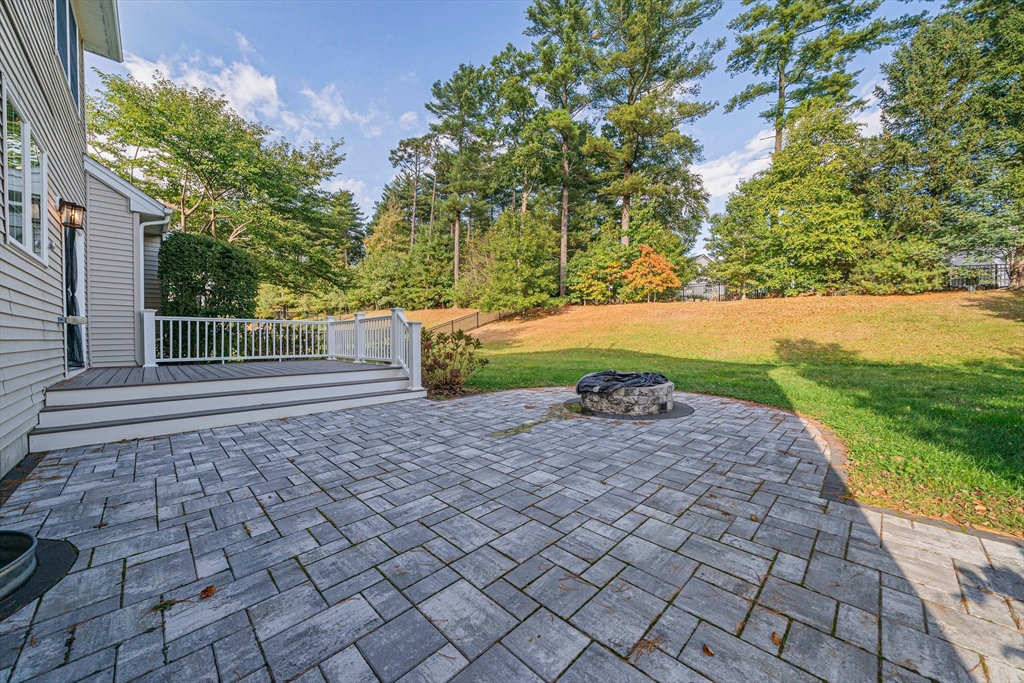 4 bed, 3 bath apartment for rent at 24 Endean Dr Unit 24, Walpole — photo 38 of 42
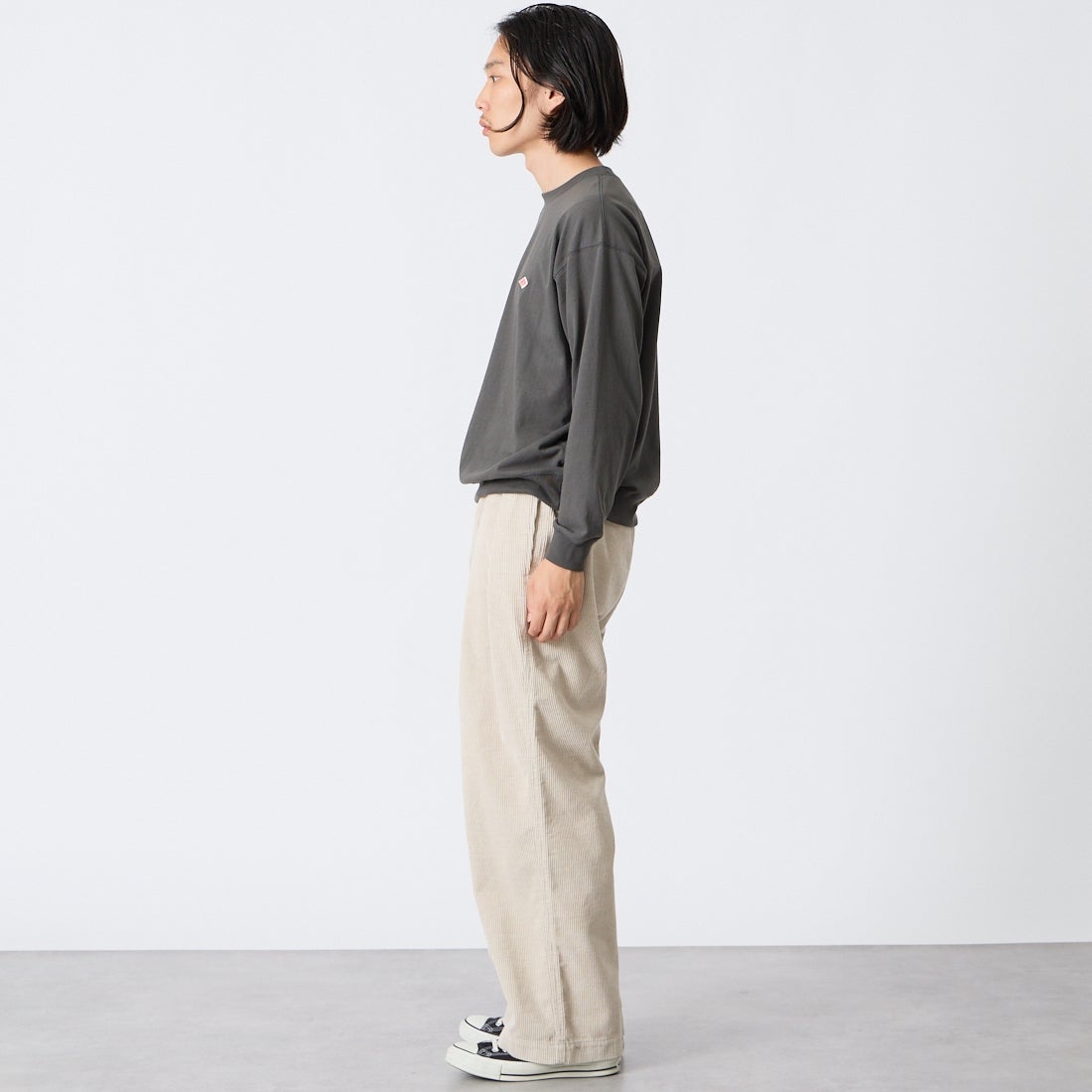 iori [イオリ] 別注 コーデュロイ2タックトラウザーズ [IORI90-JF] BEIGE &&モデル身長：175cm 着用サイズ：2&&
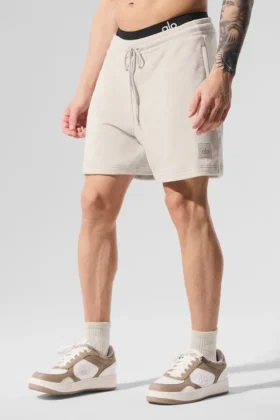 Pantalones cortos de felpa Coastal de 7" - Color hueso
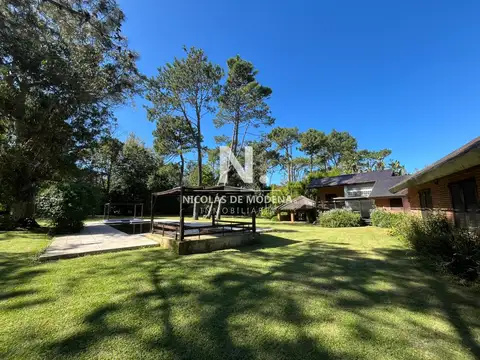 Venta de Espectacular casa en Barrio Golf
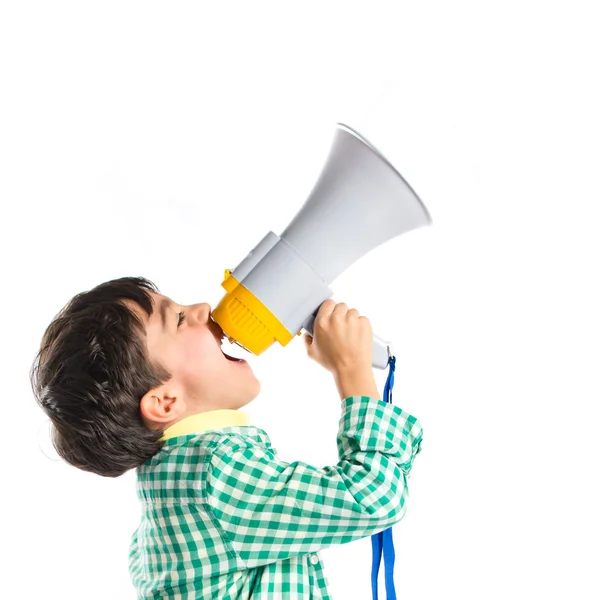 Niño gritando por megáfono sobre fondo blanco —  Fotos de Stock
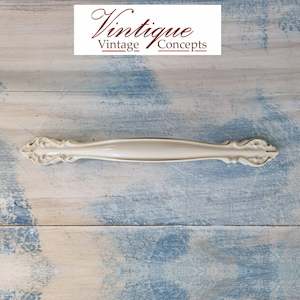 Ornate Ivory / Gold with Flourish Drawer handle 175mm long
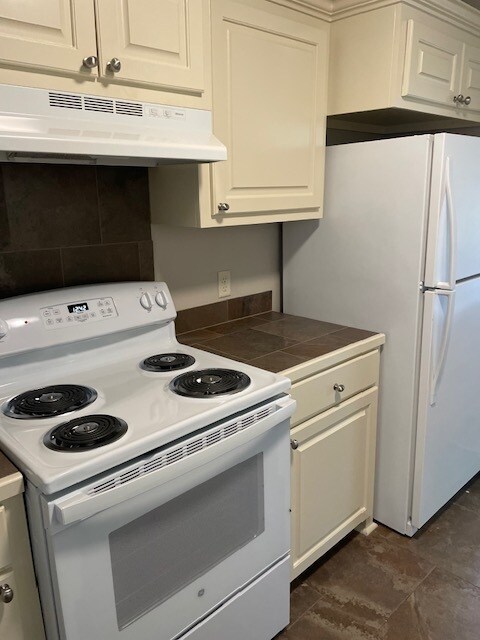 Estufa nueva - 14835 Forest Grove Ave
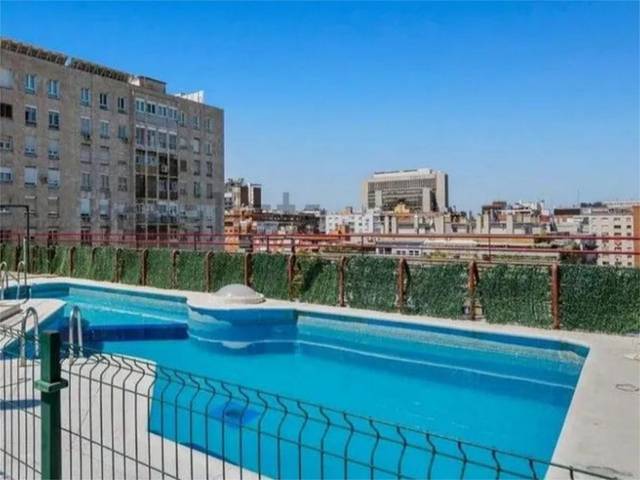 Piso en Venta en Calle del Padre Damián, 50 en Nueva España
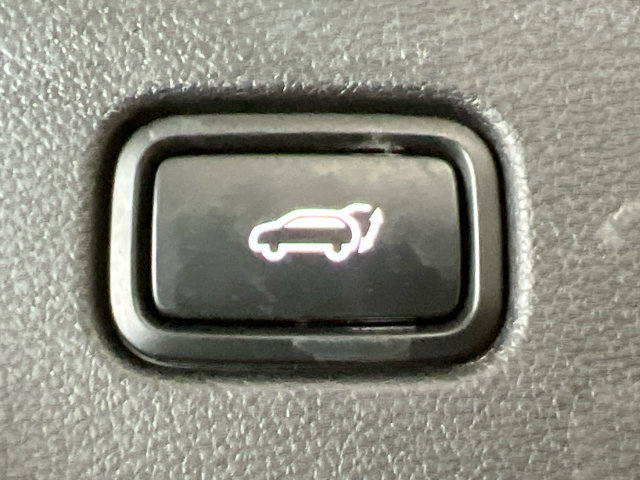 Used 2025 Kia Sportage EX w/ Premium Package FWD image 6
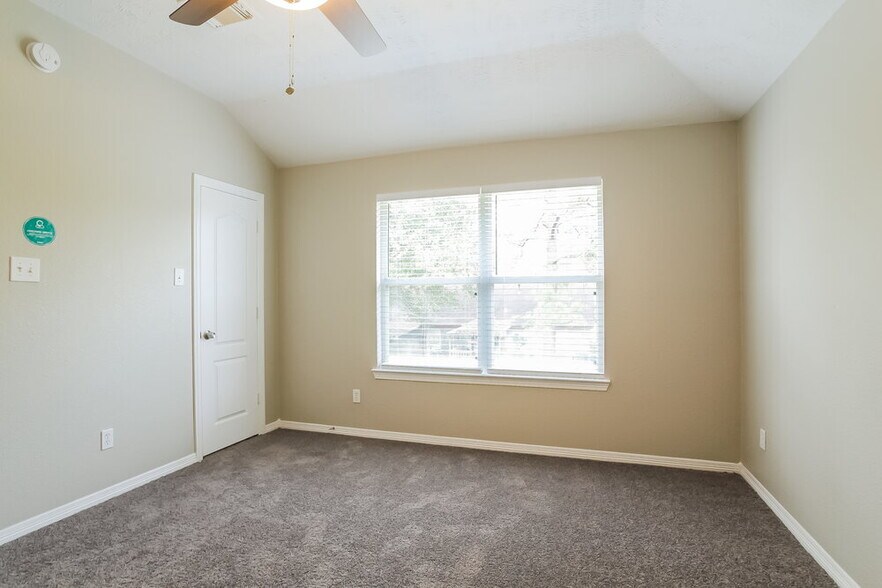 Building Photo - 26614 Cypresswood Dr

Problem statement: The expected result is the material restated word for word, minus any picture.

Solution to this task:
 4 bed, 3 bath apartment for rent at 24 Endean Dr Unit 24, Walpole — photo 38 of 42
 iori [イオリ] 別注 コーデュロイ2タックトラウザーズ [IORI90-JF] BEIGE &&モデル身長：175cm 着用サイズ：2&&
 Pantalones cortos de felpa Coastal de 7" - Color hueso
 Venta de Espectacular casa en Barrio Golf
 Niño gritando por megáfono sobre fondo blanco —  Fotos de Stock
 Ornate Ivory / Gold with Flourish Drawer handle 175mm long
 Estufa nueva - 14835 Forest Grove Ave
 Piso en Venta en Calle del Padre Damián, 50 en Nueva España
 Used 2025 Kia Sportage EX w/ Premium Package FWD image 6
 Building Photo - 26614 Cypresswood Dr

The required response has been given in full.